Here's more proof of how the 'Welsh Not' is alive and well, and living in a supermarket:

'English Only' Rule At Lidl Shops Sparks Welsh Row"

Yes, in their own country, people unfortunate enough to work for the German supermarket company are forbidden to speak their own language to each other, under fear of unemployment if they do not bow to the order. And why, exactly?:

"This is for the benefit of all our customers as well as our staff to ensure a comfortable environment where all feel included."

'All', that is, save those who have Welsh as their native language, employees and customers alike.
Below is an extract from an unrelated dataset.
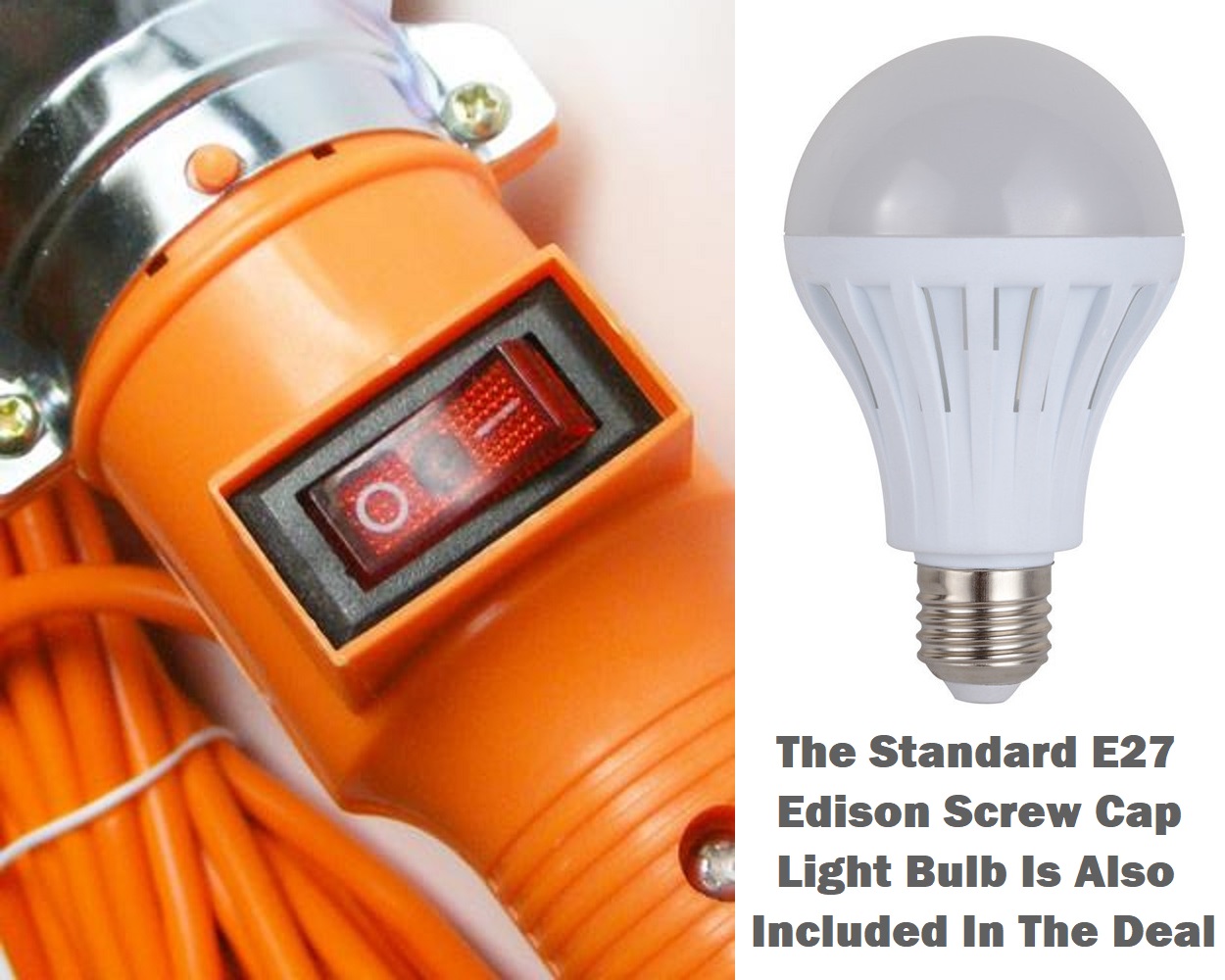 Heavy Duty Portable Electric Hand Held Lamp with Extension Cable + LED ...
But they obviously don't count.

But please don't think that Lidl is completely inflexible on the point: the 'spokesperson' went on:

"...our staff are able to assist a customer by conversing in their native tongue, if the customer is unable to speak any English."

Well, that's seven old biddies on the Llŷn Peninsula that the company's employees can feel comfortable about speaking Welsh to without having to fear the boss' big boot up their arses, then. There's broad-minded, isn't it?

Consider this: Lidl is an enormous company with a presence in 26 states across the continent, including countries which are officially bilingual such as Belgium, Switzerland and Finland. Does the company insist that their staff in Bruges, for example, speak only Flemish, with the threat of the sack were they to be so neglectful as to utter a single French word between them? Does Lidl threaten dismissal to any of their workers in Korsnšs (should they have a store there, of course) who speak Swedish rather than Finnish? If the company is not so deaf and blind to the situation in those countries, might it not be a good idea for it to show a bit of respect towards us here? After all, we too are supposed to be a bilingual country (although the private sector has been formally exempted from the law's requirements for fear of scaring 'the business community', poor things!).

But the company does not enjoy a good reputation for behaving in a civilised manner towards its employees in general, with an anti-union and reactionary attitude in evidence throughout. But the source of discord on this occasion was a command issued by Lidl 'UK'; so, perhaps we should assume that this is simply another example of the arrogance and scorn of the British mercantile establishment.

Whichever it is, the company should be given a few days to come to its senses and then - failing a complete reversal of policy - action should be taken.

Update (09/11/11): Well, looky here, Lidl has issued a 'clarification' of the company's policy. Isn't it odd how a 'clarification' can look so much like an admission?